### Work item
Once you reach the line that holds "Long Gabardine Jacket" in the listing below, output it and every line after it through the line that holds "iphone mockup of honest paws app", word for word.

### Provided records
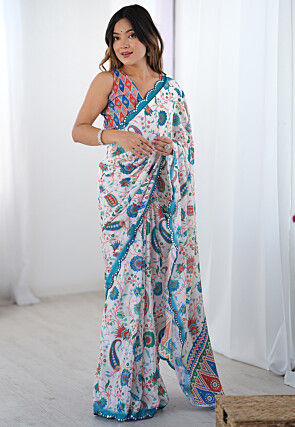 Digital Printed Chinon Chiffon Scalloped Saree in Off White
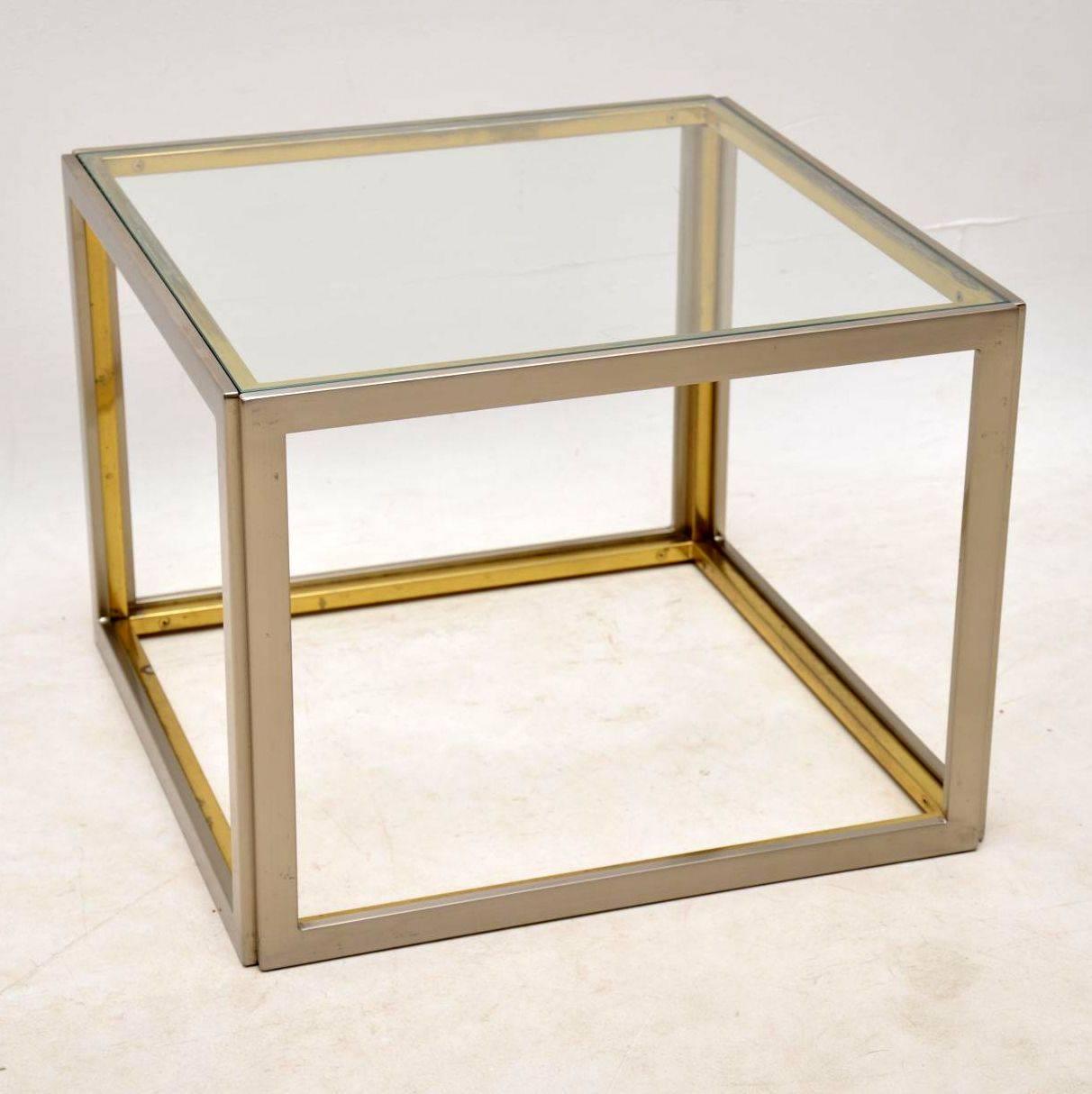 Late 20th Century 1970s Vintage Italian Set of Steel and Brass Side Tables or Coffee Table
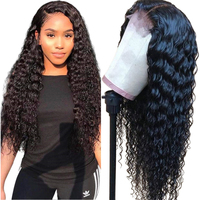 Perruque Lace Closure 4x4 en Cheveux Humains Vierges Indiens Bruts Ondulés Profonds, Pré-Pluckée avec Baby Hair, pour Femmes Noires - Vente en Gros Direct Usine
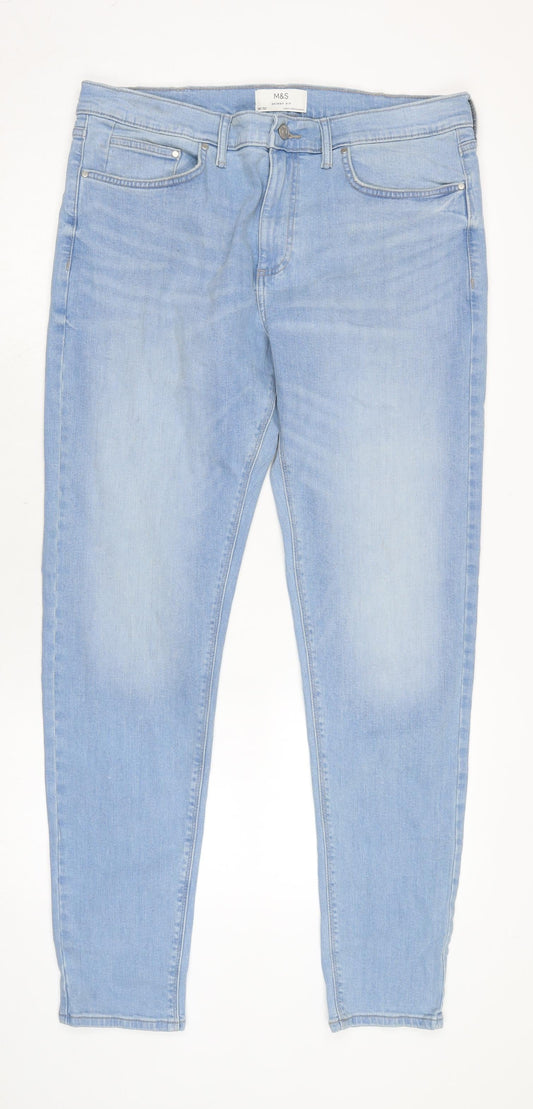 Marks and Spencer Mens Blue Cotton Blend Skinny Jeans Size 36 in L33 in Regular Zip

---

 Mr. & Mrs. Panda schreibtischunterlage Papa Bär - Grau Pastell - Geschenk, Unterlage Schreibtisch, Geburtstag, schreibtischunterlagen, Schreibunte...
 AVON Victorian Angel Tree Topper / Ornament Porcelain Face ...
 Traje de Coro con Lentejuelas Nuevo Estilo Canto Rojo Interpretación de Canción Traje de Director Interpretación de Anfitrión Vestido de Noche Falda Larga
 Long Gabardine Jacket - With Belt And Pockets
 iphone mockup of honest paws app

### Reply
 Long Gabardine Jacket - With Belt And Pockets
 iphone mockup of honest paws app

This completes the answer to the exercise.